The Makefile provides several targets for building and running specific benchmarks:

make run-tc_cpu: Compiles and runs the tc_cpu benchmark (CPU-based)
make run-tc_upmem: Compiles and runs the tc_upmem benchmark (DPU-based)
make run-%: Runs a specified GAP benchmark (replace % with tc_cpu or tc_upmem)

Each benchmark offers various flags for customization. Refer to the specific benchmark's help message for details:

Graph Loading

All of the binaries use the same command-line options for loading graphs:

-g 20 generates a Kronecker graph with 2^20 vertices (Graph500 specifications)
-u 20 generates a uniform random graph with 2^20 vertices (degree 16)
-f graph.el loads graph from file graph.el
-sf graph.el symmetrizes graph loaded from file graph.el

The graph loading infrastructure understands the following formats:

.el plain-text edge-list with an edge per line as node1 node2
.wel plain-text weighted edge-list with an edge per line as node1 node2 weight
.gr 9th DIMACS Implementation Challenge format
.graph Metis format (used in 10th DIMACS Implementation Challenge)
.mtx Matrix Market format
.sg serialized pre-built graph (use converter to make)
.wsg weighted serialized pre-built graph (use converter to make)

Makefile Targets

The Makefile defines various targets for managing the build process, cleaning, and running benchmarks. Here's a summary of some key targets:

all: Builds all targets (including GAP benchmarks)
clean: Removes all build artifacts
clean-all: Removes build artifacts and results directories
scrub-all: Performs a more extensive cleanup (including backups)
run-%: Runs a specified GAP benchmark
help: Displays a list of available make commands and their descriptions
help-%: Provides help for a specific benchmark

Configuration

Several environment variables and Makefile settings control the build process:

CXX: C++ compiler (default: g++)
UPMEM_NR_TASKLETS: Number of Upmem tasklets (default: 16)
UPMEM_NR_DPUS: Number of DPUs (default: 1)
UPMEM_PROBLEM_SIZE: Problem size (default: 2)
CXXFLAGS_GAP: Compiler flags for GAP benchmarks
UPMEM_HOST_FLAGS: Compiler flags for Upmem host code
UPMEM_DPU_FLAGS: Compiler flags for Upmem DPU code

Additional Information

For more detailed information about each command and how to use the benchmarks, refer to the help command (make help) or the individual benchmark documentation provided within the project.

Directory Structure

bin/: Contains compiled executables for the GAP benchmark suite and the TriPIM CPU benchmark.
lib/: Contains the shared library for the TriPIM GPU benchmark.
src/: Contains source code for the project, including the GAP benchmark suite and the TriPIM benchmark.

GAP Benchmark Suite (CPU)

GAP Benchmark Suite is designed to be a portable high-performance baseline that only requires a compiler with support for C++11. It uses OpenMP for parallelism, but it can be compiled without OpenMP to run serially. The details of the benchmark can be found in the specification.

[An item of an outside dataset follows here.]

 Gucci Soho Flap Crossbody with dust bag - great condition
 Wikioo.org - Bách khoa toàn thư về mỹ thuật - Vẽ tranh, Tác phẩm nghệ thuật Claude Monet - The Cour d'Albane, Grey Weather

The GAP Benchmark Suite is intended to help graph processing research by standardizing evaluations. Fewer differences between graph processing evaluations will make it easier to compare different research efforts and quantify improvements. The benchmark not only specifies graph kernels, input graphs, and evaluation methodologies, but it also provides an optimized baseline implementation (this repo). These baseline implementations are representative of state-of-the-art performance, and thus new contributions should outperform them to demonstrate an improvement.

TRICORE (GPU)

TRICORE, a GPU-optimized triangle counting system distinguished by three core techniques:
- Binary Search Algorithm: Designed to bolster thread parallelism and memory efficiency on GPUs, filling gaps from earlier models.
- Graph Representation Streamlining: Unlike previous methods that demanded various graph representations (like CSR, edge list, and bitmap) in the GPU memory, TRICORE uniquely distributes partitioned CSR data among GPUs. Additionally, it employs a streaming buffer, allowing edge lists to be fetched directly from CPU memory. This strategy empowers TRICORE to handle graphs substantially larger than typical GPU memory capacities.
- Dynamic Workload Management: Crafted to ensure a balanced GPU workload distribution.
Performance Insights:
- TRICORE processed the billion-edge Twitter graph in just 24 seconds on a single GPU—a staggering 22 times faster compared to leading CPU-based methods, even when those CPUs cost 8 times more.
- For expansive graphs (up to 33.4 billion edges) that dwarf a single GPU's memory by about 22 times, TRICORE achieves a 24-fold performance increase as the system scales from 1 to 32 GPUs.

TriPIM (UPMEM)

TriPIM is based on PrIM the first benchmark suite for a real-world processing-in-memory (PIM) architecture. PrIM is developed to evaluate, analyze, and characterize the first publicly-available real-world processing-in-memory (PIM) architecture, the UPMEM PIM architecture. The UPMEM PIM architecture combines traditional DRAM memory arrays with general-purpose in-order cores, called DRAM Processing Units (DPUs), integrated in the same chip.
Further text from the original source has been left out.